Lazarus lives with arthrogryposis, a muscular and joint disability that limits one’s range of motion. It is the same challenge with which reporter Serge F. Kovaleski lives, and for which he was mocked by then-candidate Donald Trump at a November 2015 campaign rally in South Carolina. The artist fairly interpreted Trump’s cruelty as an attack on those who live with any kind of disability. In response, he marshaled his creative process in protest of Trump’s candidacy, and rejection of his presidency. Repeating 202-456-1111 (the White House main phone number) Lazarus’ photograms are open to interpretation: an act of defiance, a call to action, a reminder that access to the nation’s highest office is, at least on paper, viable. (Note: during the government shutdown, the longest in this nation’s history, this line was unstaffed.)

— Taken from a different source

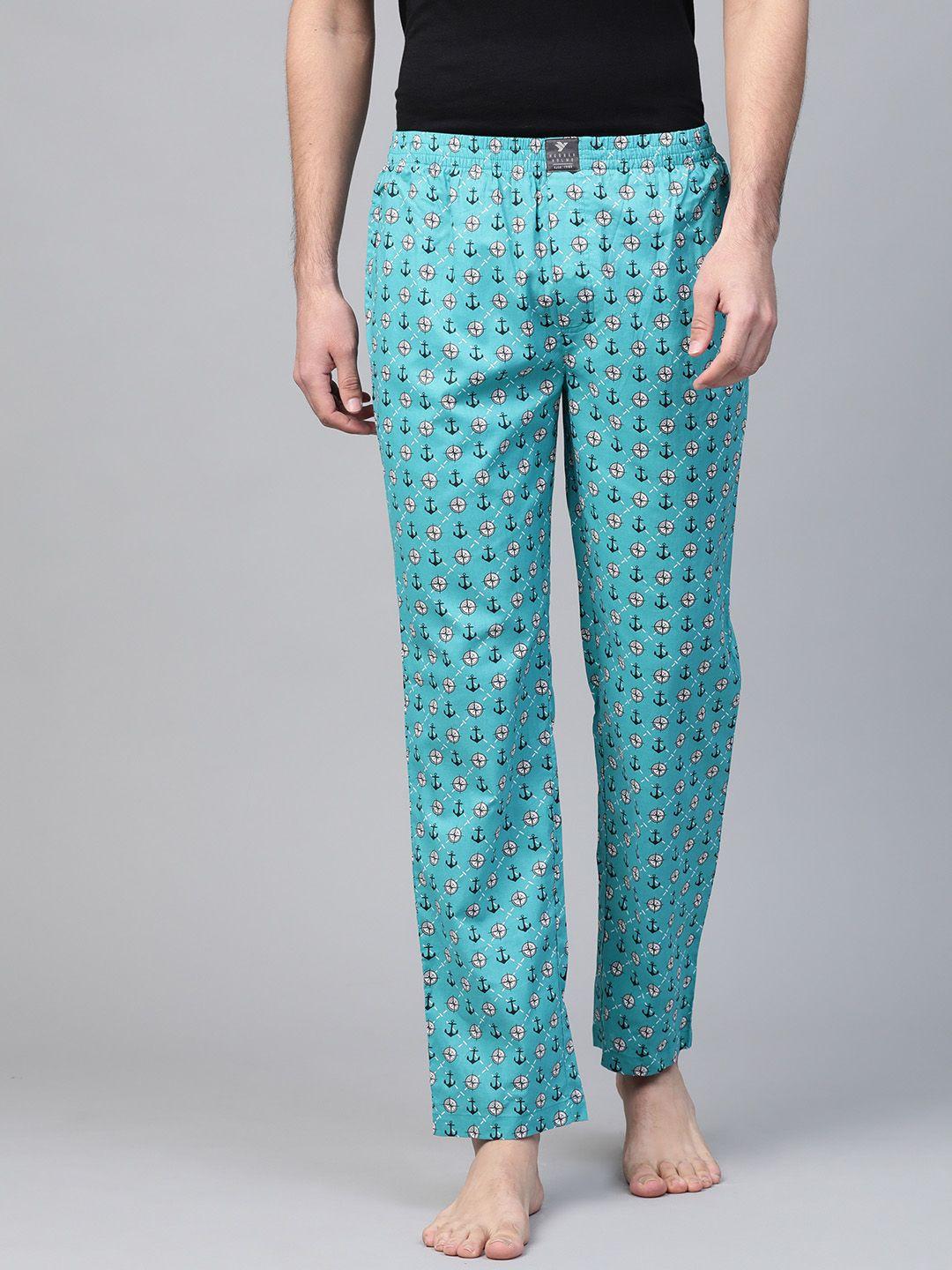 hubberholme men blue & white printed lounge pants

In an email exchange, Lazarus described the creative process as a “production line.” Working with an assistant in an unoccupied darkroom at the University of South Florida, Lazarus draws the number on paper treated with light-sensitive chemicals. Lazarus and his assistant then expose each sheet to different light sources – a flashlight, the light from his cell phone – which predictably produce different results. The digits are clearly recognizable in some compositions. In others, those exposed to less light or produced as the degraded chemical bath reaches what Lazarus describes as “fatigue,” the numbers slip into abstraction. Lazarus also notes, with measured enthusiasm, the joy of watching what happens when careful efforts to separate the stop bath and developing chemicals are abandoned and production is given over to controlled chaos. It is, as the artist notes, “fast, dirty, regular and rhythmic—much like good activism!” From beginning to end, it is an experiment.

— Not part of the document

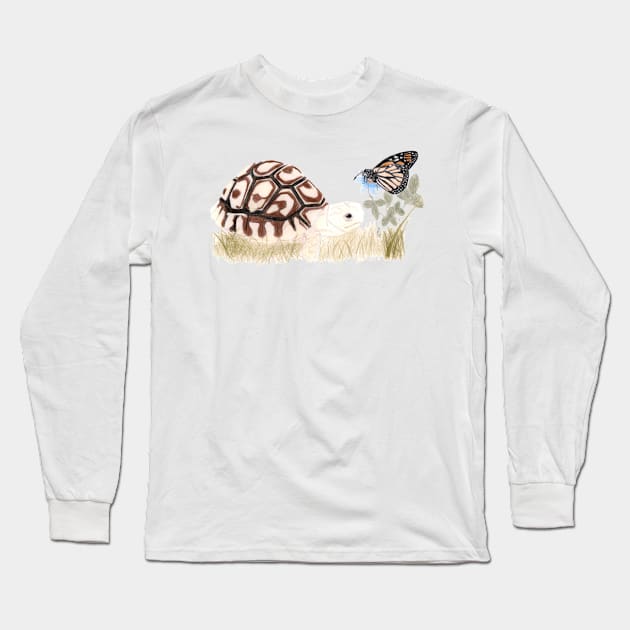 Tortoise and Butterfly Long Sleeve T-Shirt by lindaursin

202-456-1111 is the culmination of these fast and rhythmic experiments: the inaugural image is legible and immediate, the numbers crowded into the front plane, no depth or perspective permitted. By contrast, the culminating pieces are nearly pitch black, the numbers obscured. Even in reproduction, the photograms suggest the artist’s profound physical engagement in their production. Lazarus’ mark-making is generous, almost sloppy, and intentional, suggesting that he may achieve the meditative state that repetitive tasks offer.

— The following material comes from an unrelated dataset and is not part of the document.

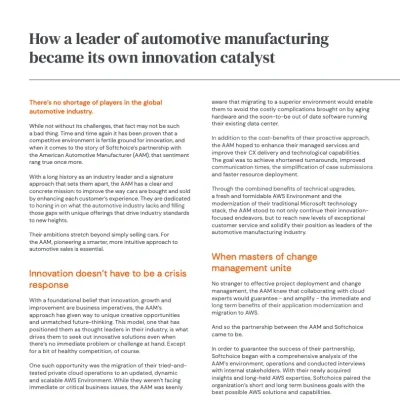How a leader of automotive manufacturing became its own innovation catalyst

It’s a fool’s errand to assign artistic intent or meaning, but speculation is fair game. From that perspective, one could argue that studio work, or the gestural repetition captured in the photograms, offers a familiarity that our wider socio-political context lacks. One could also analogize that these objects (the originals are donated to nonprofit organizations for fundraising purposes) represent the darkness through which we are collectively stumbling, searching for scant light and “dreaming of something better,” as artist/activist Martha Rosler writes in her poetic companion essay. Or, as the digits invite, we could interpret it as our duty to call, to collaborate, to protest with all available resources.